It wasn’t smooth, but the Arkansas Scholarship Lottery has a new advertising agency, CJRW of Little Rock.
A five-year contract worth $34.5 million is all but signed, despite two official protests, an initial legislative vote against it and a vigorous debate.
The contract, which has captivated the Arkansas advertising community, will pay CJRW a 13 percent commission for media placement. Media placement is 77 percent of the total budget, or $26.6 million, according to Lottery Director Bishop Woosley, so CJRW stands to reap $3.45 million over five years. Future years could yield larger media budgets, according to the lottery’s five-year business plan.
CJRW’s original rate schedule called for a 15 percent commission, but it agreed to accept less just as a legislative subcommittee was taking a hard look at the contract. Under the earlier terms, CJRW would have been paid nearly $4 million.
In the end, the Office of the Arkansas Lottery is getting a highly skilled and well-staffed marketing firm that Woosley says he needs for an ambitious campaign to jolt the slumping lottery.
CJRW’s rivals, including previous vendor Mangan Holcomb Partners and a joint venture between Natalie Ghidotti of Ghidotti Communications and Brooke Vines of Vines Media, questioned why the state should favor a vendor representing both the lottery and Oaklawn Park, a gaming company that lottery consultants had identified as a competitor.
Neither Woosley nor Oaklawn sees a conflict, but several lawmakers reviewing the deal for the Joint Budget Committee did. Eventually the contract prevailed in a 13-4 subcommittee vote and a subsequent voice vote of the full committee.
“We understand and welcome the scrutiny and appreciate the favorable review,” Woosley said in a written statement. “We are happy to have the opportunity to move forward and work with CJRW.”
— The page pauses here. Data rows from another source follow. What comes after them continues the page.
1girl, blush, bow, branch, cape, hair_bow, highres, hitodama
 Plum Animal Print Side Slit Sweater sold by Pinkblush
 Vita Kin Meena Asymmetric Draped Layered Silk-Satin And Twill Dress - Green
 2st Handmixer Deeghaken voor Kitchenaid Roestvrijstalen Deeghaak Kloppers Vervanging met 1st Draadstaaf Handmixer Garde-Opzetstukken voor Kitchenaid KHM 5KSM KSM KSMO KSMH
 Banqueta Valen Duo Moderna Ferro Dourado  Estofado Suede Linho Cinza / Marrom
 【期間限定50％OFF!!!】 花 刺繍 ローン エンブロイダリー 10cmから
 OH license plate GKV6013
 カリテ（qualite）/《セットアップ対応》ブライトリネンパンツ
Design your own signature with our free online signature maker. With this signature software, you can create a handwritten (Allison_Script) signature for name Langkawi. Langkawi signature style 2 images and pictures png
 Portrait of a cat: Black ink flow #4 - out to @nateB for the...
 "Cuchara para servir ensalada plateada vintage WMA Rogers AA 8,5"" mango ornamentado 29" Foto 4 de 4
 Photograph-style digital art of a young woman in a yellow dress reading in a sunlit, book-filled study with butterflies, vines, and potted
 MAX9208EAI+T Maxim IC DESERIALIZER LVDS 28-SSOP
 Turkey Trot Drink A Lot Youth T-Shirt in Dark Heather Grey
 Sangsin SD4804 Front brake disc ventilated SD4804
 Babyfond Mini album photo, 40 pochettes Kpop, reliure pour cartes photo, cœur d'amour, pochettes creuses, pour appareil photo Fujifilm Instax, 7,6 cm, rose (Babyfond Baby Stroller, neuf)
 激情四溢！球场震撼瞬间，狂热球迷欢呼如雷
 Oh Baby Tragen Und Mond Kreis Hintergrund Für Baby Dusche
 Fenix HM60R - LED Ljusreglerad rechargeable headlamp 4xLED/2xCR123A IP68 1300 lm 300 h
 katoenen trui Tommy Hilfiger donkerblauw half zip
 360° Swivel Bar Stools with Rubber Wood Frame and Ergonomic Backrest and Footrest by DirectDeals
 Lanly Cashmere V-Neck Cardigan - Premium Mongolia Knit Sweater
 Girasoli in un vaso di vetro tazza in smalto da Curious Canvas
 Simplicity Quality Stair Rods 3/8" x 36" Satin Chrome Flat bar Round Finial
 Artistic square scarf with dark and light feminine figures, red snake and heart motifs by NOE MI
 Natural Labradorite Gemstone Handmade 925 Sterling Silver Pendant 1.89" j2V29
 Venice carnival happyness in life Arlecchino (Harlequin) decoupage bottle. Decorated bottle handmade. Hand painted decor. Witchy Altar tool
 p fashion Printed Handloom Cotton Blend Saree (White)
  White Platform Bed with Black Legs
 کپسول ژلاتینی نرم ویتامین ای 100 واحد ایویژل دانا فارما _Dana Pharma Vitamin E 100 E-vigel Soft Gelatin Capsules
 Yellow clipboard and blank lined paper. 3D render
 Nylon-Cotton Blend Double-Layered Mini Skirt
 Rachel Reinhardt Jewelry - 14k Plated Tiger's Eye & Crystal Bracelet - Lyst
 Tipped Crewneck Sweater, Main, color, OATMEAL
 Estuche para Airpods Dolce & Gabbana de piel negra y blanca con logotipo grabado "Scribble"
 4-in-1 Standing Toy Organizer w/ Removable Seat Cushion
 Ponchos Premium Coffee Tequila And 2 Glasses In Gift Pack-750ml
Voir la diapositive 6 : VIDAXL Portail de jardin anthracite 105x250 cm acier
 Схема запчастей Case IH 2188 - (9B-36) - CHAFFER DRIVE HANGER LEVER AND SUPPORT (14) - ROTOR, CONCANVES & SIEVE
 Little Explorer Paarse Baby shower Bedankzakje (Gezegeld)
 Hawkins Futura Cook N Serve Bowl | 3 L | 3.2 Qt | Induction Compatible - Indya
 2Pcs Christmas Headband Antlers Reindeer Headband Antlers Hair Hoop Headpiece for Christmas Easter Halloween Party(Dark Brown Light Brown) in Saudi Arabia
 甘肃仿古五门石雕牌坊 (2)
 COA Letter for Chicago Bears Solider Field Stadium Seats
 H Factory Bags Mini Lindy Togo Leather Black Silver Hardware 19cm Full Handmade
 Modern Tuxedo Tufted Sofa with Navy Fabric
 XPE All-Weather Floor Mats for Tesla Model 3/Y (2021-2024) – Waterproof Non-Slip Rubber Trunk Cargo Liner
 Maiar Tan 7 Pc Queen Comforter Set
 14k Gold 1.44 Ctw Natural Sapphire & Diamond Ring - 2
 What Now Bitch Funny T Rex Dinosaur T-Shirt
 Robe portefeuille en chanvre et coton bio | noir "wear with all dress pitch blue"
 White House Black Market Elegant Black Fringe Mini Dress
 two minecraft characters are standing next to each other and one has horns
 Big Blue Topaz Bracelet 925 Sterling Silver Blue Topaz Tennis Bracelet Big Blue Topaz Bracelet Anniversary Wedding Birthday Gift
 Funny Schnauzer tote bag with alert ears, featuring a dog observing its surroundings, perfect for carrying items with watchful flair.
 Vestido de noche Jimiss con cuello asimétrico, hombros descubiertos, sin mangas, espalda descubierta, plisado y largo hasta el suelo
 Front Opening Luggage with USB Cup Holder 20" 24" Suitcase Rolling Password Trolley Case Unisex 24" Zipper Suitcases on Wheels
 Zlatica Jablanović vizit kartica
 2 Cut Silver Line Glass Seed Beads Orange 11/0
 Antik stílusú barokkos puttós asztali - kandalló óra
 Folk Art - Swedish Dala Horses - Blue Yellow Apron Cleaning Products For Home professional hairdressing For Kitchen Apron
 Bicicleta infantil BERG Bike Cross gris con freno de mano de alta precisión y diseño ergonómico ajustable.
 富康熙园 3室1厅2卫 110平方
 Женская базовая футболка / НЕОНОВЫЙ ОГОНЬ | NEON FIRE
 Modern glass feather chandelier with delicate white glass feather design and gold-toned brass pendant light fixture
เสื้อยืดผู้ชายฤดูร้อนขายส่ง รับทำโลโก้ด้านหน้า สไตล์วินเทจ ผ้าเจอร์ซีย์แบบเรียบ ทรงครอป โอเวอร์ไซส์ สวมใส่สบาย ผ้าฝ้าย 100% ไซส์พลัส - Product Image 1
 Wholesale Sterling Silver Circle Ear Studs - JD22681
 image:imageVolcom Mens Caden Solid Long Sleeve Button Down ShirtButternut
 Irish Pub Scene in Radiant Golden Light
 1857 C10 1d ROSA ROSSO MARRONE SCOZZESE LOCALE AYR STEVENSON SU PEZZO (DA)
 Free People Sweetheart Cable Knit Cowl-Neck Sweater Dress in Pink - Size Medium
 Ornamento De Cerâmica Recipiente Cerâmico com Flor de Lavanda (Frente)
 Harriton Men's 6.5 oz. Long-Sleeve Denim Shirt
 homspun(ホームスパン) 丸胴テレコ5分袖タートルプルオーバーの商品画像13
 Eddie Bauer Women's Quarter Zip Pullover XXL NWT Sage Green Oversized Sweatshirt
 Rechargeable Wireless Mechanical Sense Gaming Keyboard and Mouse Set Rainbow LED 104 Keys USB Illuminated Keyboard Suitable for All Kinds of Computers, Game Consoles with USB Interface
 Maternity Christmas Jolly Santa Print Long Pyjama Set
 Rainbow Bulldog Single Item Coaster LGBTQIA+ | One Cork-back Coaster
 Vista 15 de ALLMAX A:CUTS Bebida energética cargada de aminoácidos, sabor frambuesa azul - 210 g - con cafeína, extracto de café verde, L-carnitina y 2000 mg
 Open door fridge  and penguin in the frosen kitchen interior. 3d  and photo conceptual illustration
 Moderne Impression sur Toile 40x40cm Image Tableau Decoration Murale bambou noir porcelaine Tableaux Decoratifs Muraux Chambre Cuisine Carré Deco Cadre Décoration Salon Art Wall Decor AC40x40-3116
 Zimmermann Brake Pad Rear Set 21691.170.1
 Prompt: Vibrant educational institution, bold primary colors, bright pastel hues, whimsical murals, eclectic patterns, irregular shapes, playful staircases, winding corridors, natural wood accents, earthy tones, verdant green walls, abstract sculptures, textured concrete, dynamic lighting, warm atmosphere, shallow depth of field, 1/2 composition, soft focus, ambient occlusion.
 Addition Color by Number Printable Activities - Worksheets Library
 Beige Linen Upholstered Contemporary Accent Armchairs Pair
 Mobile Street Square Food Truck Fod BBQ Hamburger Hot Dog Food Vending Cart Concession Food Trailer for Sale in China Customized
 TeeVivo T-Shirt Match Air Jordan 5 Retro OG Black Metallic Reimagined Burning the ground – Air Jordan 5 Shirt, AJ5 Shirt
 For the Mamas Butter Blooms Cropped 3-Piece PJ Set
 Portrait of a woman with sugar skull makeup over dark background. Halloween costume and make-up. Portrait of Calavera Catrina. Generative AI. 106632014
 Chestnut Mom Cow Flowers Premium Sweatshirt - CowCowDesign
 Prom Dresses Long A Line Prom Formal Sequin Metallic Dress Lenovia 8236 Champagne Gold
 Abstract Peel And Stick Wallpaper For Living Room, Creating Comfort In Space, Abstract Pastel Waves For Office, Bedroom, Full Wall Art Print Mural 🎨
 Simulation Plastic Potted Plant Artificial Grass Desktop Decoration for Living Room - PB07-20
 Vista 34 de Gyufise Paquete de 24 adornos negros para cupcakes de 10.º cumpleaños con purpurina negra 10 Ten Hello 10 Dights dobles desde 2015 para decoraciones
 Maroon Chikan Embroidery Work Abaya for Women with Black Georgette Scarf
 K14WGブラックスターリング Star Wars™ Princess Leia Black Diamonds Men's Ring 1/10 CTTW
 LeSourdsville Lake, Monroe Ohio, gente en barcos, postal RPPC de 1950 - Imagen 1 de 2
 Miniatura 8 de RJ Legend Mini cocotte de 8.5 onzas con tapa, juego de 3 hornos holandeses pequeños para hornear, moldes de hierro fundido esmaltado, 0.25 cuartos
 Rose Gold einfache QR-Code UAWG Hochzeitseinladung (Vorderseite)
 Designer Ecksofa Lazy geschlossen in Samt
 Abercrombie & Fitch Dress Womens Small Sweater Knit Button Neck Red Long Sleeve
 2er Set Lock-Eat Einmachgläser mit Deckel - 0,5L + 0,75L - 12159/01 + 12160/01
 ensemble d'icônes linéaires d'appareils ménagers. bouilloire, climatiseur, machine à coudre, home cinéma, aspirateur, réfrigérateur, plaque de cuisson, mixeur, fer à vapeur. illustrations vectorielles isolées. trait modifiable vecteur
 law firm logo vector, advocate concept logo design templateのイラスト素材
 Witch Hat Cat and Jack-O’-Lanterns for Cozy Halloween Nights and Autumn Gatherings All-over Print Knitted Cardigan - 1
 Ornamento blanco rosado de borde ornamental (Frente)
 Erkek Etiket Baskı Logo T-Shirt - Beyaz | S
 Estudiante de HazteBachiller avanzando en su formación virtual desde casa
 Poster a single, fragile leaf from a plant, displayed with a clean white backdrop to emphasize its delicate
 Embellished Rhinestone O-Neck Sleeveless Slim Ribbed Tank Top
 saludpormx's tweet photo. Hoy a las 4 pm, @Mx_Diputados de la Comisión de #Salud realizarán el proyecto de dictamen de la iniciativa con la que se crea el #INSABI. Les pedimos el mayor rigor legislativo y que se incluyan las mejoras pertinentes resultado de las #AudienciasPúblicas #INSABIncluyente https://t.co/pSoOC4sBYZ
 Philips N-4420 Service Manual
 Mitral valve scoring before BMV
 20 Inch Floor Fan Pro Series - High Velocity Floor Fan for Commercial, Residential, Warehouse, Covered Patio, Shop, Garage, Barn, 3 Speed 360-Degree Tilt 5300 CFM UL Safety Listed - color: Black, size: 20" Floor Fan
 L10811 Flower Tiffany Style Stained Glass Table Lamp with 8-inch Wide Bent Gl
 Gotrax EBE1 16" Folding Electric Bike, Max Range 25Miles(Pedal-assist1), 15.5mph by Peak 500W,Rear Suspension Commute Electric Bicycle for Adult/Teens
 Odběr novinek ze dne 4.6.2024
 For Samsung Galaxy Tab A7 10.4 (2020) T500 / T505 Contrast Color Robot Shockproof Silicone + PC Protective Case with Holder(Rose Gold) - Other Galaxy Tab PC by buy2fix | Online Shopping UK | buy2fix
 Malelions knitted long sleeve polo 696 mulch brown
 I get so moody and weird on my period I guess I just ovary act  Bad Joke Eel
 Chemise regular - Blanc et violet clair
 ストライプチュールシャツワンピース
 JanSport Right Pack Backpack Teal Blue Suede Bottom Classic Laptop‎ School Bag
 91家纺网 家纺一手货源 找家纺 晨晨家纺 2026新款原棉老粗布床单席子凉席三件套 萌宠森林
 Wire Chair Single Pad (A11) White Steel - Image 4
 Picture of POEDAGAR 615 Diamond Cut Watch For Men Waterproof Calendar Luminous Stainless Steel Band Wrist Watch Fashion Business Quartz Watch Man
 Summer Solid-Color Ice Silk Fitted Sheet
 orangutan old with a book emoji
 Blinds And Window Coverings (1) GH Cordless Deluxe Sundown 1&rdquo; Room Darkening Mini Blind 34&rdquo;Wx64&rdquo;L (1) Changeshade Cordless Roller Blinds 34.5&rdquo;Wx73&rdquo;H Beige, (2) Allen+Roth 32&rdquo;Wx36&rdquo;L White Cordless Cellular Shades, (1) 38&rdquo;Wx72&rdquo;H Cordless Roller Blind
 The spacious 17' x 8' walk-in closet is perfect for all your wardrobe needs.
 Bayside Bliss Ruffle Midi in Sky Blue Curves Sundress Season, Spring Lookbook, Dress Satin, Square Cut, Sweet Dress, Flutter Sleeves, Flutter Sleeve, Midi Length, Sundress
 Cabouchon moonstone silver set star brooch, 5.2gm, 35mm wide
Woosley hopes to execute the contract quickly, but a state spokesman, Jake Bleed, said last week that no date for signing had been set. CJRW representative Gary Heathcott won’t comment on the contract until it is signed.
Both official protests suggested that CJRW was obligated to reveal its relationship to Oaklawn as a potential conflict. Oaklawn, which offers casino games as well as thoroughbred racing in Hot Springs, was listed as a competitor in a lottery business plan prepared by consultants at Camelot Global of Britain.
State Procurement Director Edward Armstrong disagreed, saying that the language of the bidding documents made only the “successful vendor” responsible for reporting potential conflicts. There could be no “successful vendor” until a contract is signed, he wrote. He also held that flagging conflicts was an obligation to be applied only in the future.
At least a half-dozen lawmakers, including Sen. Gary Stubblefield, R-Branch, and Sen. Joyce Elliott, D-Little Rock, forcefully argued that for the sake of good government, conflicts should be revealed beforehand.
As it turns out, the “successful vendor” language was not included in the state’s original Request for Qualifications from Sept. 15. It was “added to the RFQ on Sept. 30, 2016, by Addendum 1,” Armstrong said in reply to a question from Arkansas Business. “It was intended to help clarify that the successful vendor would have an ongoing contractual duty …”
He said the section altered by the addendum clearly relates to future obligations, calling for disclosures of conflicts “to be made within 15 days of the vendor learning of them.” That provision “makes it absurd to try to apply it to conflicts that a vendor learned of years ago,” he said. CJRW has had Oaklawn as a client since 1974.